O texto da Lei Municipal 8.021/22, de iniciativa parlamentar, havia sido alvo de ação direta de inconstitucionalidade julgada procedente pelo Órgão Especial do Tribunal de Justiça de São Paulo (TJSP), que entendeu existir violação da separação de poderes.
Atuando como “custos iuris”, a Procuradoria-Geral de Justiça (PGJ) interpôs recurso extraordinário alegando que “a norma de inclusão de pessoas com necessidades especiais, edificada nos limites da autonomia municipal, não se amolda às hipóteses excepcionais de reserva de iniciativa legislativa do chefe do Poder Executivo ou de reserva da Administração”, atendendo ao Tema 917 de repercussão geral, argumentando ainda que “à lei é consentido, pois, assegurar direitos, embalados pelo princípio de igualdade, a categorias ou classes de usuários do atendimento público em situação de vulnerabilidade”.

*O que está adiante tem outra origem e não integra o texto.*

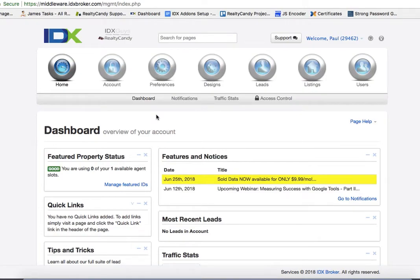So let me show you how to set up one of these radial searches using IDX Broker in less than 5 minutes.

Obstado o recurso extraordinário com fundamento na conformidade do acórdão do Tribunal de Justiça do Estado de São Paulo ao Tema 917, a PGJ procedeu à interposição de agravo interno, que não foi provido pelo TJSP. O procurador-geral de Justiça ajuizou então reclamação no Supremo Tribunal Federal, que foi julgada procedente o para cassar o ato reclamado, bem como determinar à autoridade reclamada que procedesse a novo juízo de admissibilidade do recurso extraordinário, sob outra ótica que não a do Tema 917 de repercussão geral, eis que promovido o efetivo “distinguish”.
Ao realizar novo exame de admissibilidade, o TJSP admitiu o recurso extraordinário, opinando a Procuradoria-Geral da República pelo provimento do recurso extraordinário.
Em decisão proferida em 11 de junho, o relator, ministro Dias Toffoli, deu provimento ao RE do PGJ “para, reformando o acórdão recorrido, declarar a constitucionalidade da Lei n.º 8.021 do Município de Guarulhos, de 13 de junho de 2022”, concluindo que “além de não verificada a inconstitucionalidade formal da legislação municipal, tendo em vista estar em conformidade com a jurisprudência deste Supremo Tribunal Federal, notadamente com o Tema n° 917 de Repercussão Geral, ainda constato a plena constitucionalidade material da lei municipal aqui questionada, por seu alinhamento aos ditames constitucionais referentes à proteção das pessoas com deficiência” (RE 1.495.619/SP).
Na decisão, o STF frisou, de um lado, “não é forçoso compreender que uma lei que preveja criação de despesas para Administração, sejam elas quais forem, interfere, em certo grau, no Poder Executivo. Tal fato é decorrência lógica do modelo de separação de poderes adotado pelo Brasil. O referido princípio, em uma perspectiva contemporânea, deve ser compreendido como dinâmico, e não estático. No presente caso, indispensável se mostra definir o grau de interferência da lei de iniciativa parlamentar questionada em face do Executivo municipal. Com efeito, compreendo que tal influência afigura-se mínima, exatamente compreendida na margem de atuação do Poder Legislativo delineada pelas previsões constitucionais acerca de matérias afeitas à iniciativa privativa. Não se vislumbra, dessa forma, interferência indevida na estrutura e na atribuição dos órgãos da administração do município”, e de outro, que “a jurisprudência desta Corte é firme quanto à constitucionalidade de legislações protetivas às pessoas com deficiência e quanto à inconstitucionalidade de leis ou de atos normativos que restrinjam o patamar de proteção definido pelas normas constitucionais e pela legislação federal acerca do tema”.